__Brief descriptive captions__.
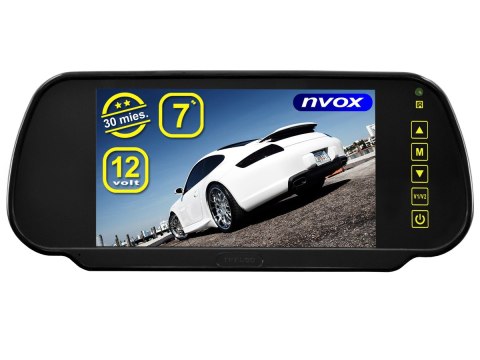 Monitor lcd 7cali w lusterku wstecznym 12v usb sd Monitor lcd 7cali w lusterku wstecznym 12v usb sd
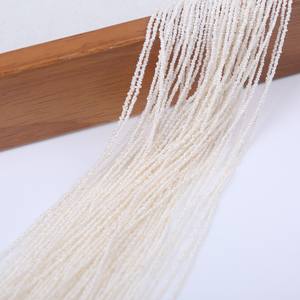 Collar de Cruz Hecho a Mano en Zhuji, Cuentas de Perlas Blancas de Agua Dulce de 1-1.25mm, Forma de Mini Papa, Color Punch, DIY - Product Image 2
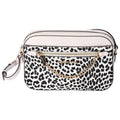 Michael Kors Jet Set East West Chain Crossbody Light Cream Multi Cheetah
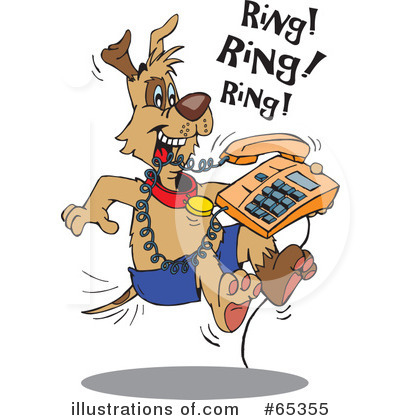 Royalty-Free (RF) Dog Clipart Illustration by Dennis Holmes Designs - Stock Sample #65355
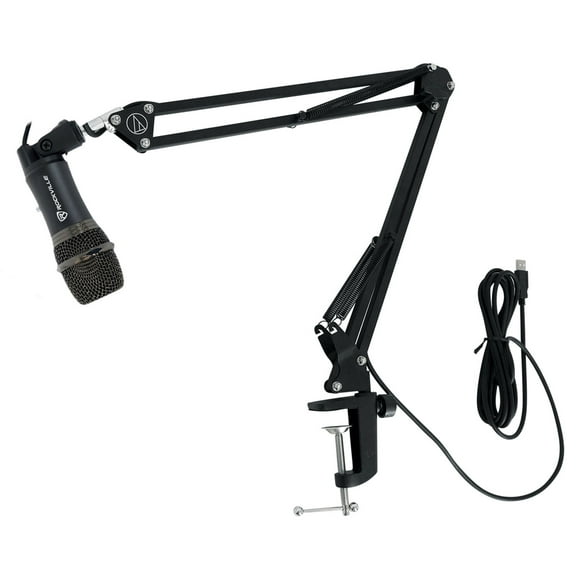 Rockville Z-STREAM USB Computer Microphone Podcast Mic Audio Technica Boom Arm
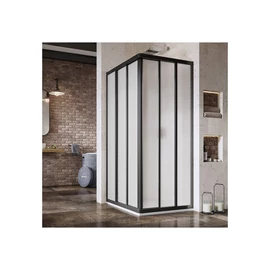 Ravak Supernova Zuhanykabin ASRV3-75-198 fekete+Pearl polisztirén - 15V303R211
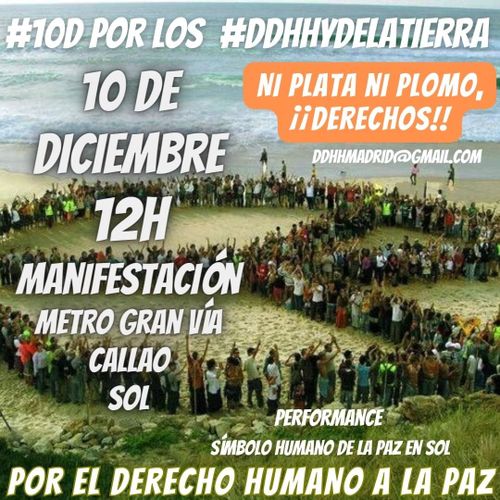 Manifestación por el Derecho Humano a la PAZ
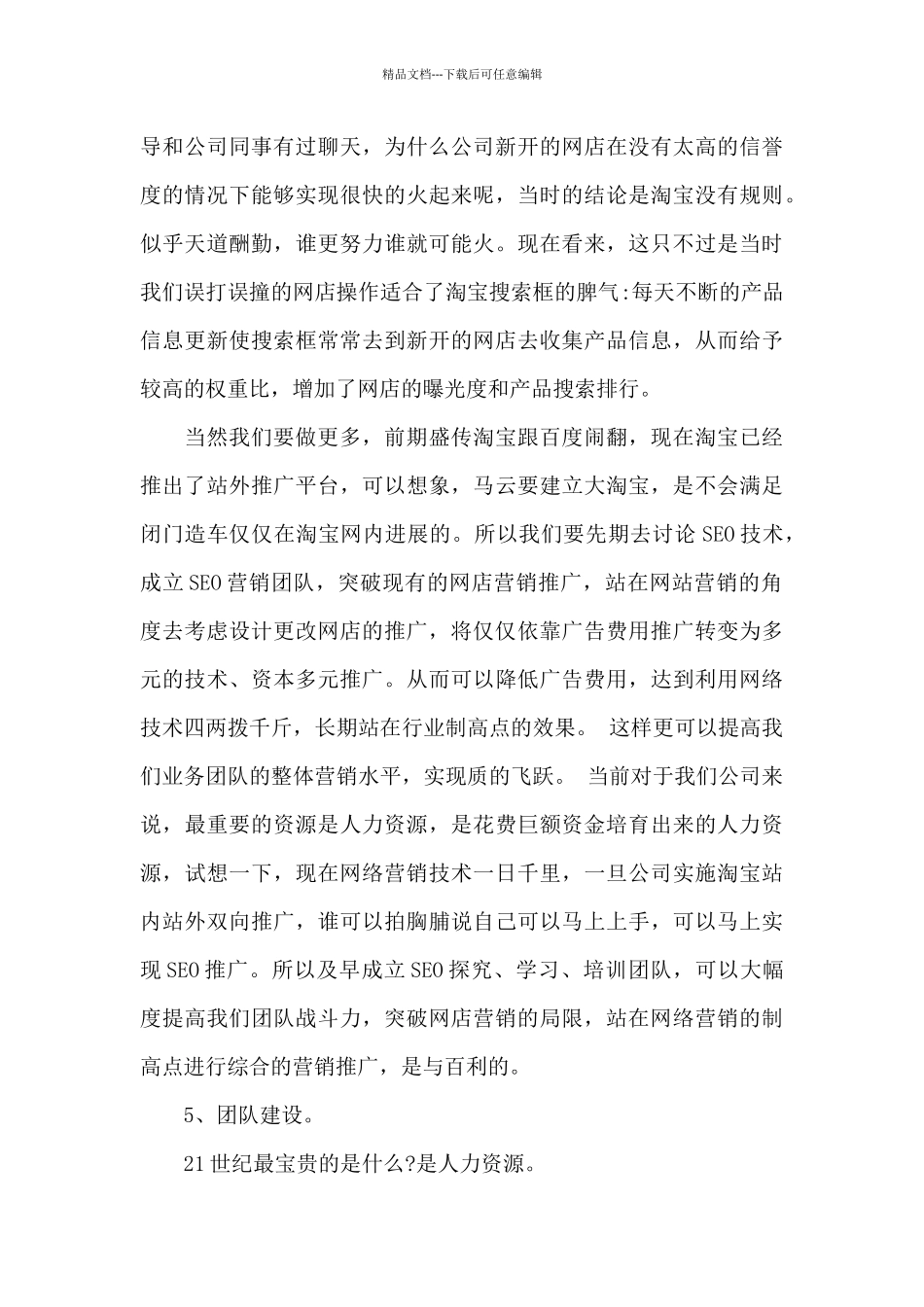 淘宝推广年终总结3篇_第3页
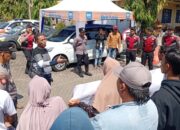 Puluhan Warga Karangmalang Suarakan Aspirasi di Polres Situbondo,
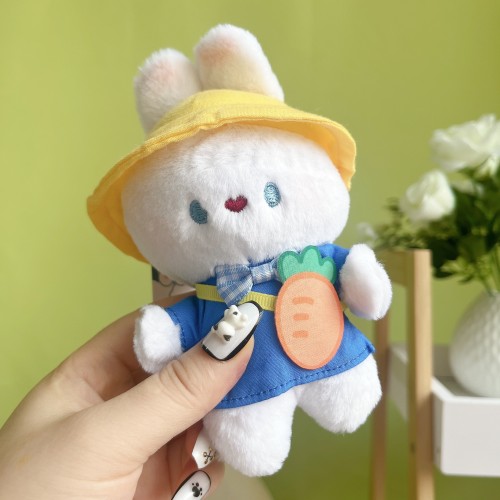 Heshun Gifts Little White Bunny Stuffed Plush Doll Easter Rabbit  Key Chain
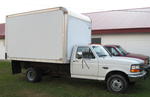 Lot 107 - 1996 Ford F350 w/ 12ft. American Cargo Box Auction Photo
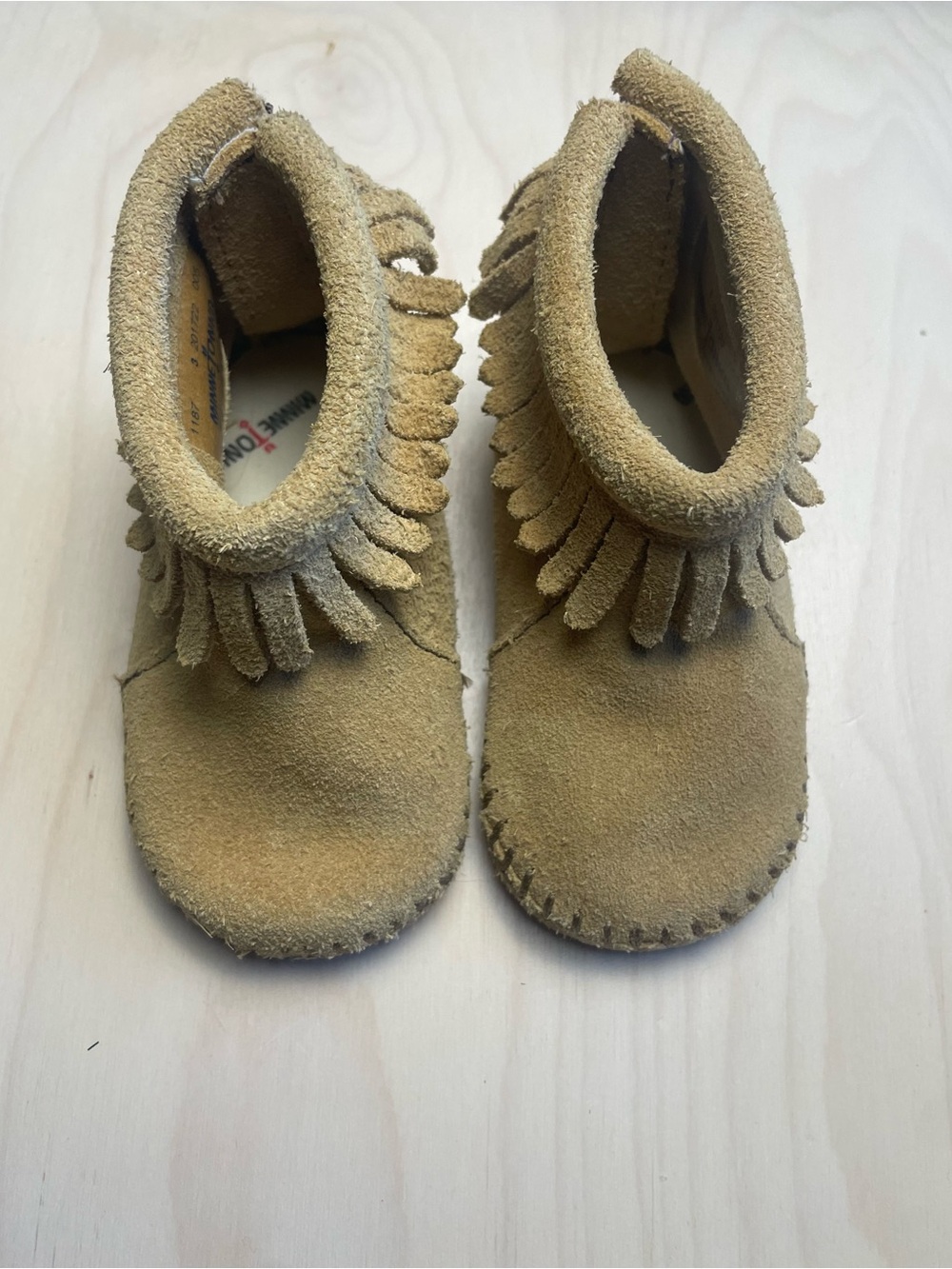 Minnetonka Kids Suede Fringe Moccasins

__Activity__.
Exact copy, pictures excluded: restate every record above word for word.

__Response below__.
 Monitor lcd 7cali w lusterku wstecznym 12v usb sd Monitor lcd 7cali w lusterku wstecznym 12v usb sd
 Collar de Cruz Hecho a Mano en Zhuji, Cuentas de Perlas Blancas de Agua Dulce de 1-1.25mm, Forma de Mini Papa, Color Punch, DIY - Product Image 2
 Michael Kors Jet Set East West Chain Crossbody Light Cream Multi Cheetah
 Royalty-Free (RF) Dog Clipart Illustration by Dennis Holmes Designs - Stock Sample #65355
 Rockville Z-STREAM USB Computer Microphone Podcast Mic Audio Technica Boom Arm
 Ravak Supernova Zuhanykabin ASRV3-75-198 fekete+Pearl polisztirén - 15V303R211
 Manifestación por el Derecho Humano a la PAZ
 淘宝推广年终总结3篇_第3页
 Puluhan Warga Karangmalang Suarakan Aspirasi di Polres Situbondo,
 Heshun Gifts Little White Bunny Stuffed Plush Doll Easter Rabbit  Key Chain
 Lot 107 - 1996 Ford F350 w/ 12ft. American Cargo Box Auction Photo
 Minnetonka Kids Suede Fringe Moccasins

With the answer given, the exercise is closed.